▸ TASK STATEMENT
From the line with "50A 500V AC" to the final line of the data below, please write out every line exactly, with no pictures.

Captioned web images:
»»
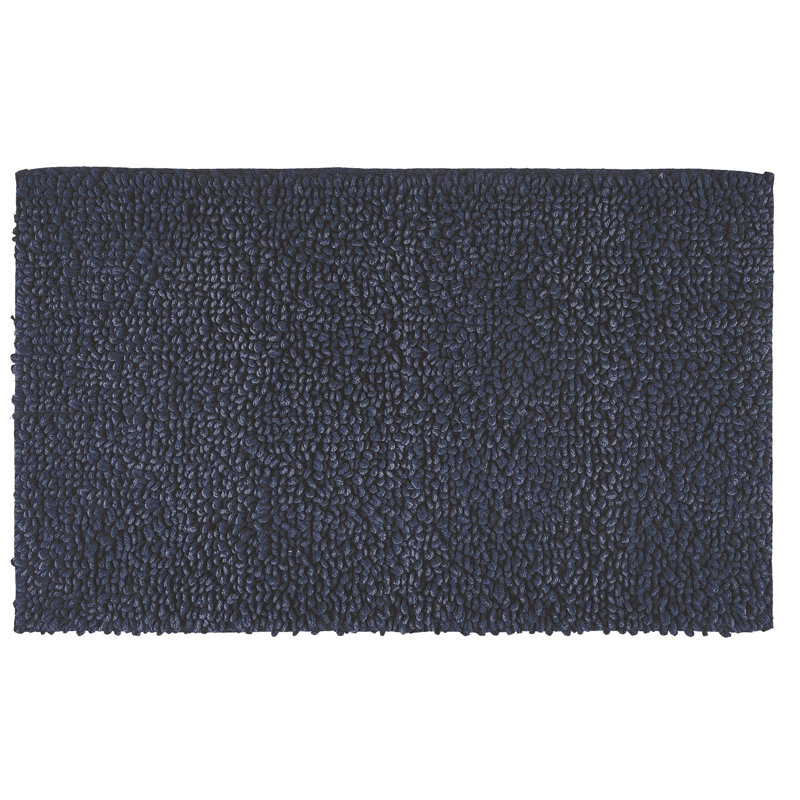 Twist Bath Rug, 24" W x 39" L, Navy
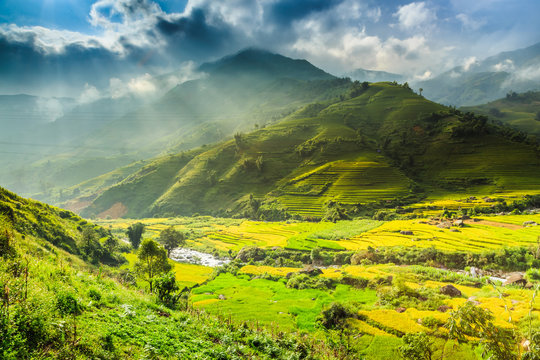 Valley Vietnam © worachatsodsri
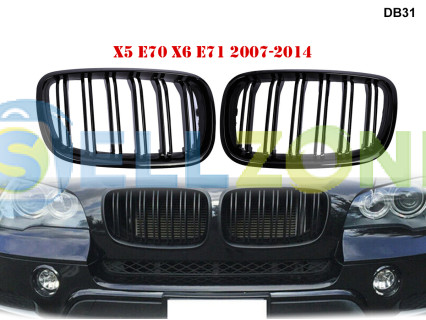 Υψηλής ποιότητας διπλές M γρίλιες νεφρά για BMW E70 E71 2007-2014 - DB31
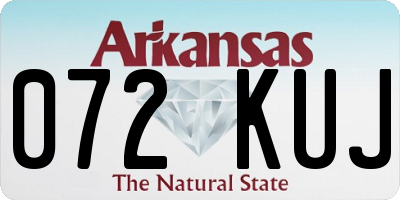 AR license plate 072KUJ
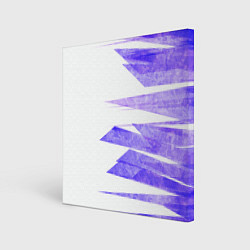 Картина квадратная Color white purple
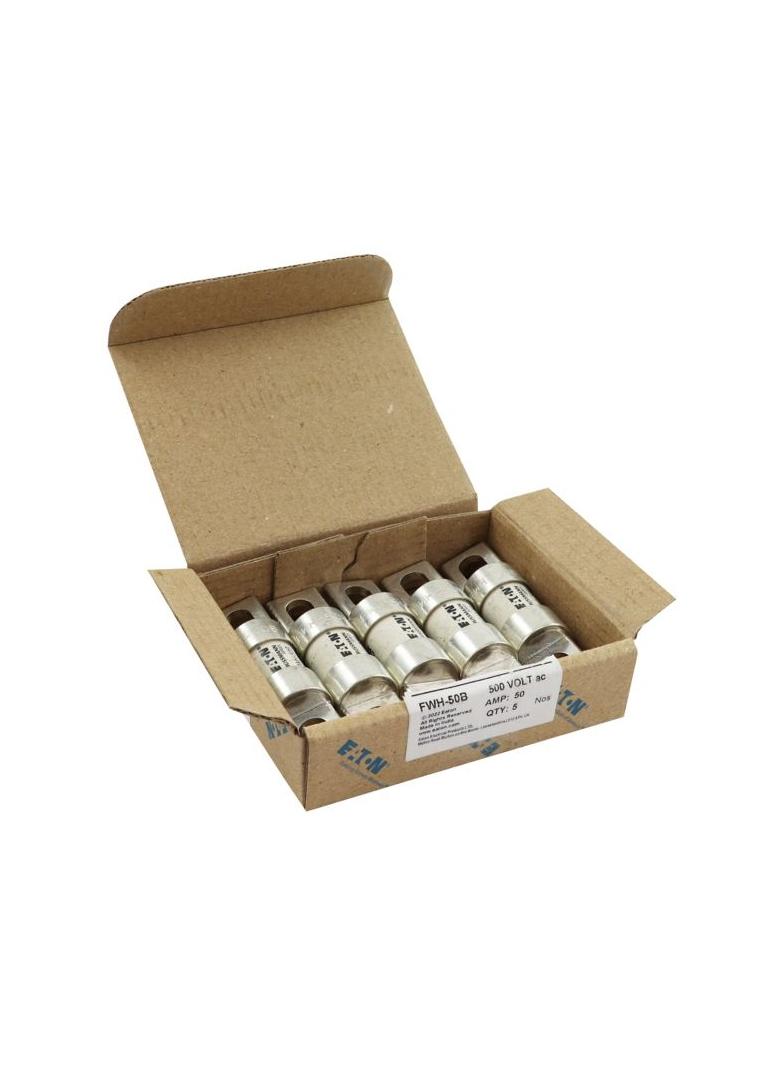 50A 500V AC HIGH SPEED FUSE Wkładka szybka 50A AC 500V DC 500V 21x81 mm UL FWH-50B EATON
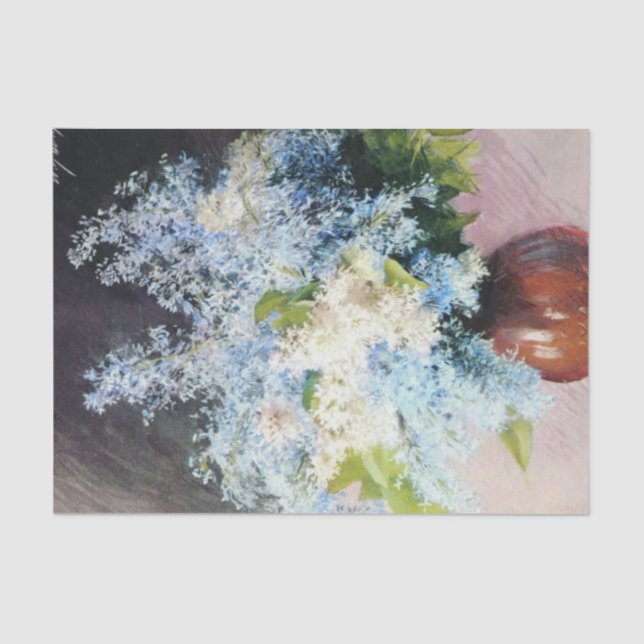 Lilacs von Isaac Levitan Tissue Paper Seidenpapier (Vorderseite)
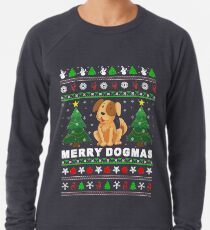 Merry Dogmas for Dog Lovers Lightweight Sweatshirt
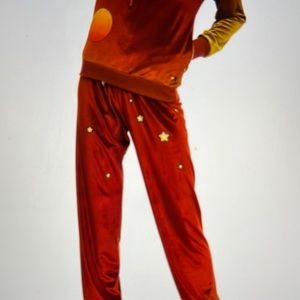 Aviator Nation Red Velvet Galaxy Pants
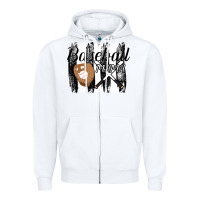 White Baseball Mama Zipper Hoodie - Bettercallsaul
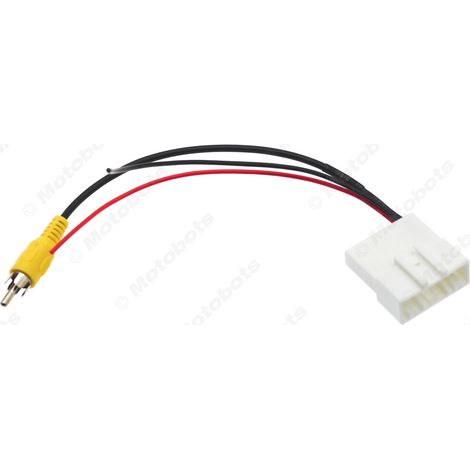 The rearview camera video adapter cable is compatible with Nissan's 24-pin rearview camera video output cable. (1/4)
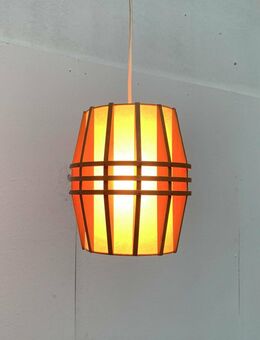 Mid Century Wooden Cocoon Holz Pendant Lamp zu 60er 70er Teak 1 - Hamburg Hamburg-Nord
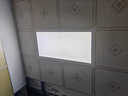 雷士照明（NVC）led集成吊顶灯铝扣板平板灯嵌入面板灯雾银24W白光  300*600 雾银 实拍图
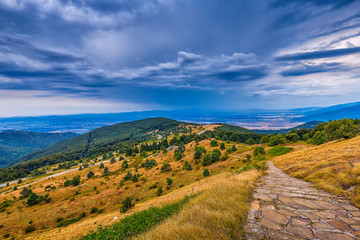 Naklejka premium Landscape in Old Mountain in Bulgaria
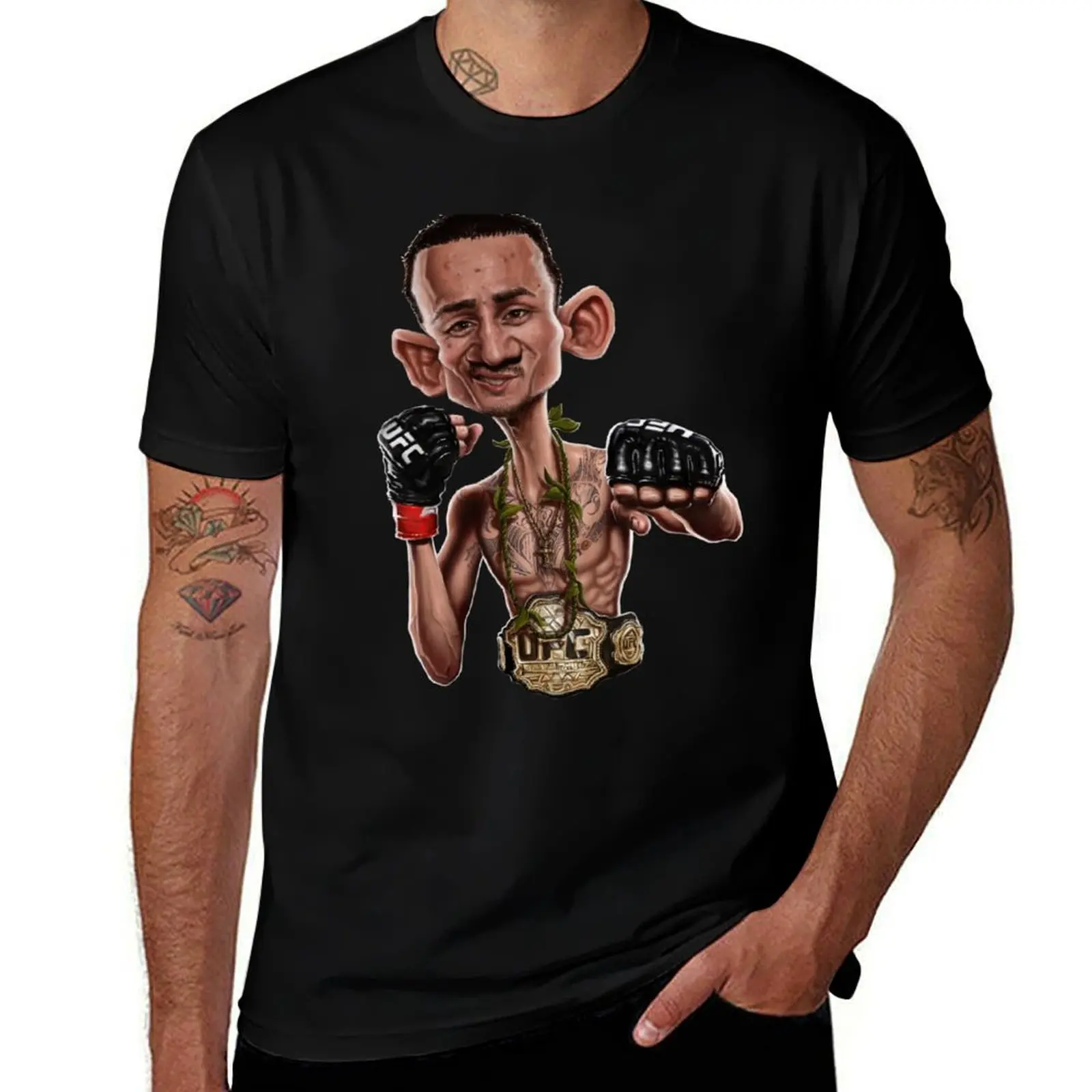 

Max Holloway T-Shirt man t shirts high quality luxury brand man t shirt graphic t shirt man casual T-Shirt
««
▸ WRITTEN SOLUTION
 50A 500V AC HIGH SPEED FUSE Wkładka szybka 50A AC 500V DC 500V 21x81 mm UL FWH-50B EATON
 Lilacs von Isaac Levitan Tissue Paper Seidenpapier (Vorderseite)
 Merry Dogmas for Dog Lovers Lightweight Sweatshirt
 Aviator Nation Red Velvet Galaxy Pants
 White Baseball Mama Zipper Hoodie - Bettercallsaul
 The rearview camera video adapter cable is compatible with Nissan's 24-pin rearview camera video output cable. (1/4)
 Mid Century Wooden Cocoon Holz Pendant Lamp zu 60er 70er Teak 1 - Hamburg Hamburg-Nord
 雷士照明（NVC）led集成吊顶灯铝扣板平板灯嵌入面板灯雾银24W白光  300*600 雾银 实拍图
 Naklejka premium Landscape in Old Mountain in Bulgaria

Max Holloway T-Shirt man t shirts high quality luxury brand man t shirt graphic t shirt man casual T-Shirt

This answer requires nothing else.